__Task details__. Restate the entries below exactly. Images are not part of the copy.

[Collected data entries]
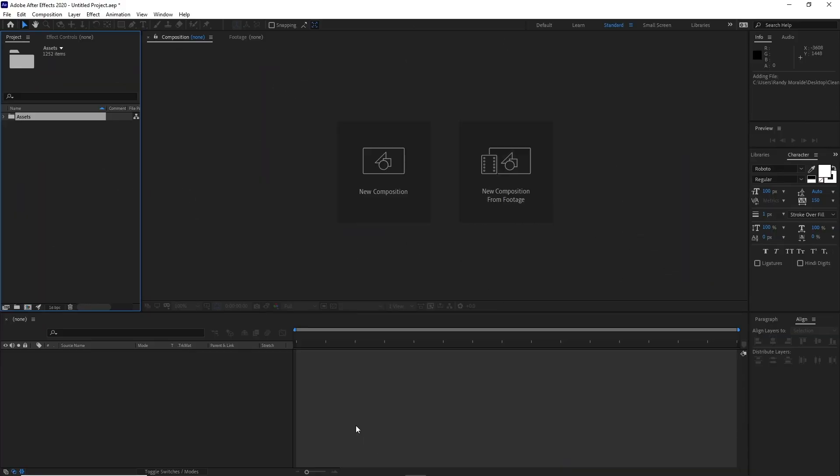Hello guys, welcome back to my another episode of Rans Graphics Tutorial. This is Randy and today I'm going to be showing you what we are going to be making.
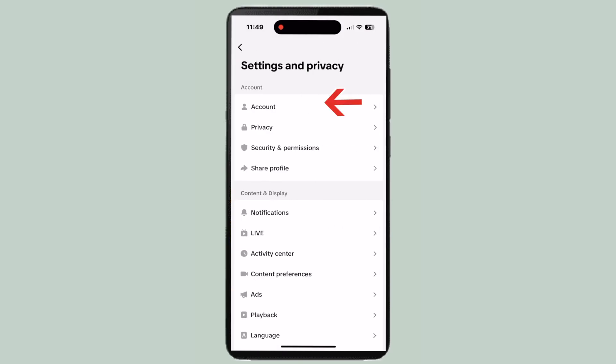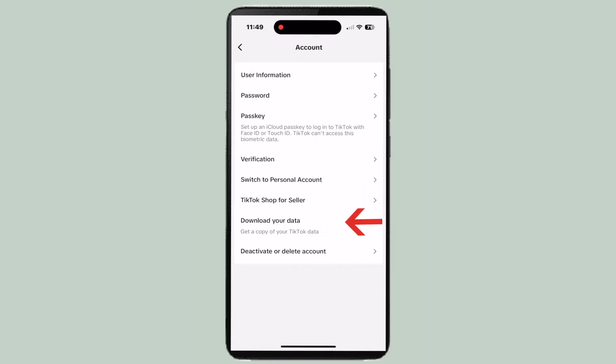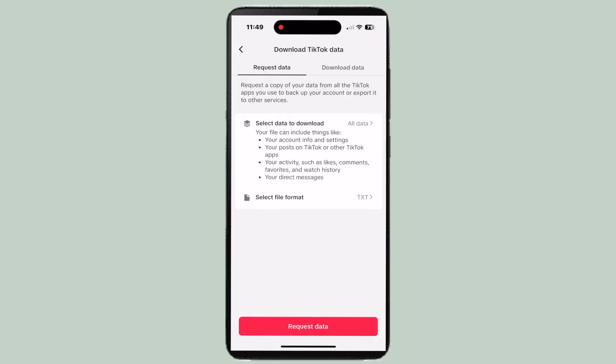From here, click on Account, then press Download Your Data. Then press the button that says Request Data.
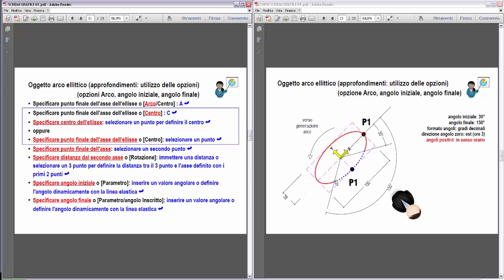Se si vuole costruire l'arco contrassegnato col colore blu, linea tratteggiata, dovremmo invertire: angolo iniziale 150 gradi, quindi individuiamo questa linea, angolo finale 30 gradi. L'arco generato partirà dalla direzione dell'angolo 150 gradi, in senso antiorario, fino ad arrivare all'angolo finale di 30 gradi, e viene generato l'arco dell'ellisse qui contrassegnato col colore blu, linea discontinua. Ora torniamo in AutoCAD per vedere bene questa costruzione.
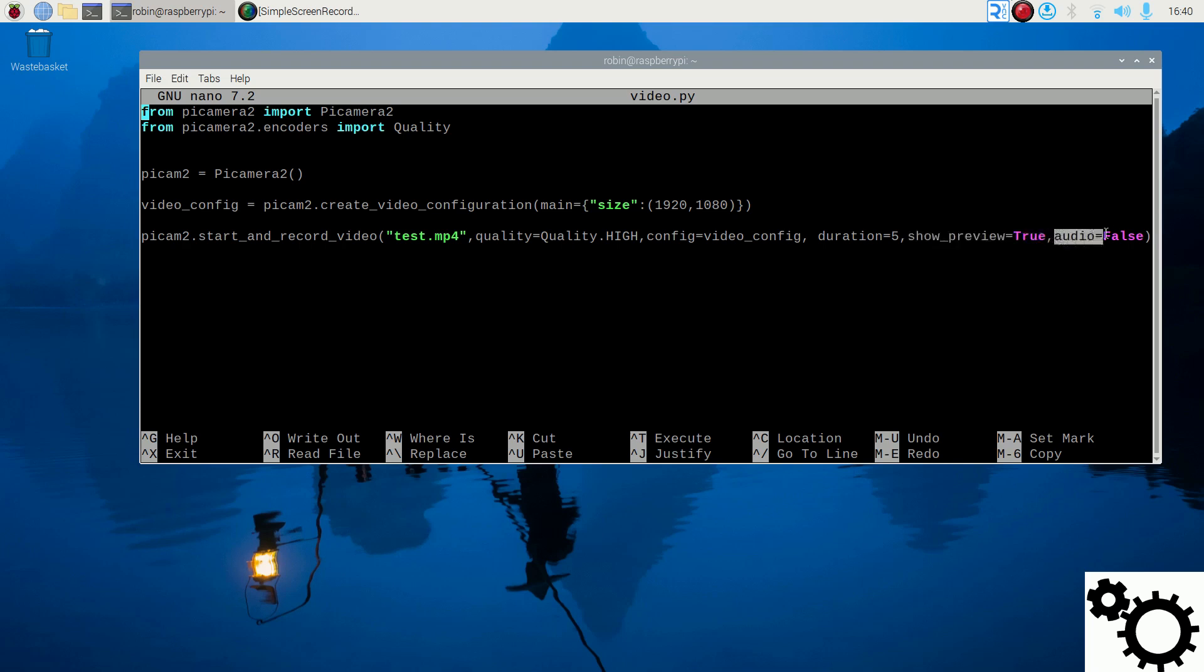And for the Audio parameter, it's if you want to record the audio or not. And by default, it's false but be careful because it will only work when you will record an MP4 file and when you have a microphone attached to the default PulseAudio input.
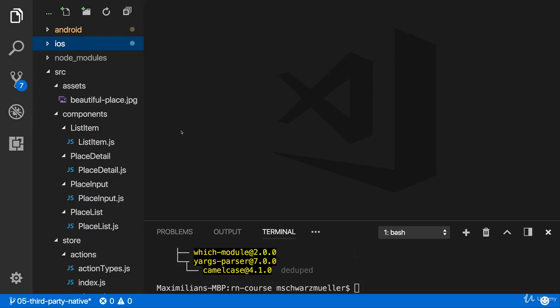So over the last lectures, we added the library to our setup. Now I want to add an icon, because that is why we included the library, right?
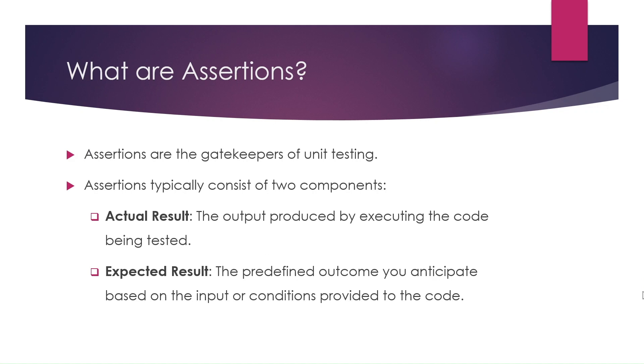Assertions typically consist of two components: actual result and expected result. Actual result is the output produced by executing the code being tested. Expected result is the predefined outcome you anticipate based on the input or conditions provided to the code.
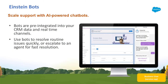In Summer 18, we're thrilled to introduce Salesforce Einstein Bots, the first ever AI-powered chatbots built natively on the Salesforce platform. Einstein Bots provide customers with the answers they need quickly using natural language processing and connected CRM data.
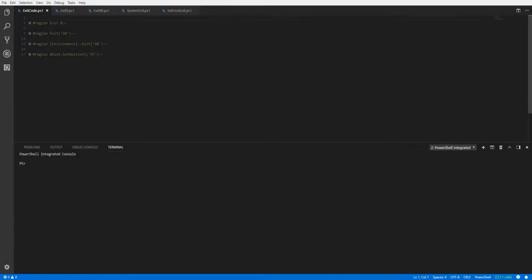In this snip, we're going to focus on how to force a specific exit code with PowerShell. Let's get started.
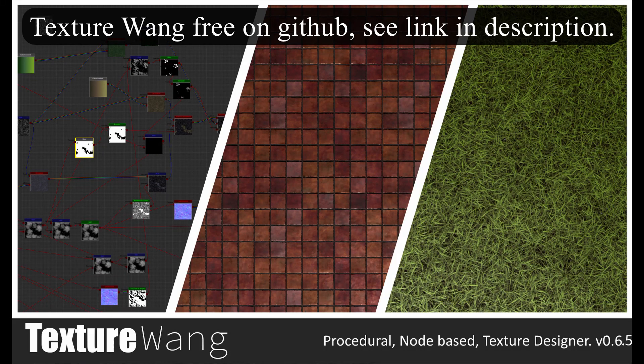Hi, this is an introduction to TextureWang, the procedural node-based texture generation tool.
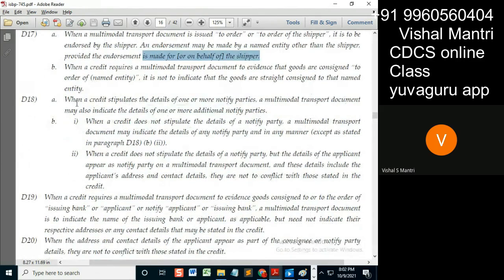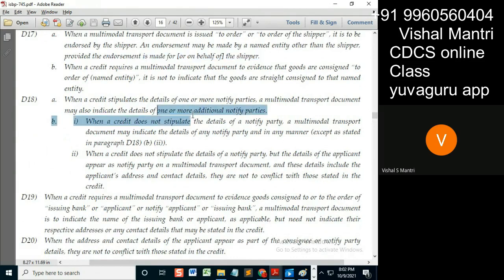When a credit stipulates the details of one or more notified parties, an MTD may also indicate the details of one or more additional notified parties.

__Task result__.
Hello guys, welcome back to my another episode of Rans Graphics Tutorial. This is Randy and today I'm going to be showing you what we are going to be making.
From here, click on Account, then press Download Your Data. Then press the button that says Request Data.
Se si vuole costruire l'arco contrassegnato col colore blu, linea tratteggiata, dovremmo invertire: angolo iniziale 150 gradi, quindi individuiamo questa linea, angolo finale 30 gradi. L'arco generato partirà dalla direzione dell'angolo 150 gradi, in senso antiorario, fino ad arrivare all'angolo finale di 30 gradi, e viene generato l'arco dell'ellisse qui contrassegnato col colore blu, linea discontinua. Ora torniamo in AutoCAD per vedere bene questa costruzione.
And for the Audio parameter, it's if you want to record the audio or not. And by default, it's false but be careful because it will only work when you will record an MP4 file and when you have a microphone attached to the default PulseAudio input.
So over the last lectures, we added the library to our setup. Now I want to add an icon, because that is why we included the library, right?
Assertions typically consist of two components: actual result and expected result. Actual result is the output produced by executing the code being tested. Expected result is the predefined outcome you anticipate based on the input or conditions provided to the code.
In Summer 18, we're thrilled to introduce Salesforce Einstein Bots, the first ever AI-powered chatbots built natively on the Salesforce platform. Einstein Bots provide customers with the answers they need quickly using natural language processing and connected CRM data.
In this snip, we're going to focus on how to force a specific exit code with PowerShell. Let's get started.
Hi, this is an introduction to TextureWang, the procedural node-based texture generation tool.
When a credit stipulates the details of one or more notified parties, an MTD may also indicate the details of one or more additional notified parties.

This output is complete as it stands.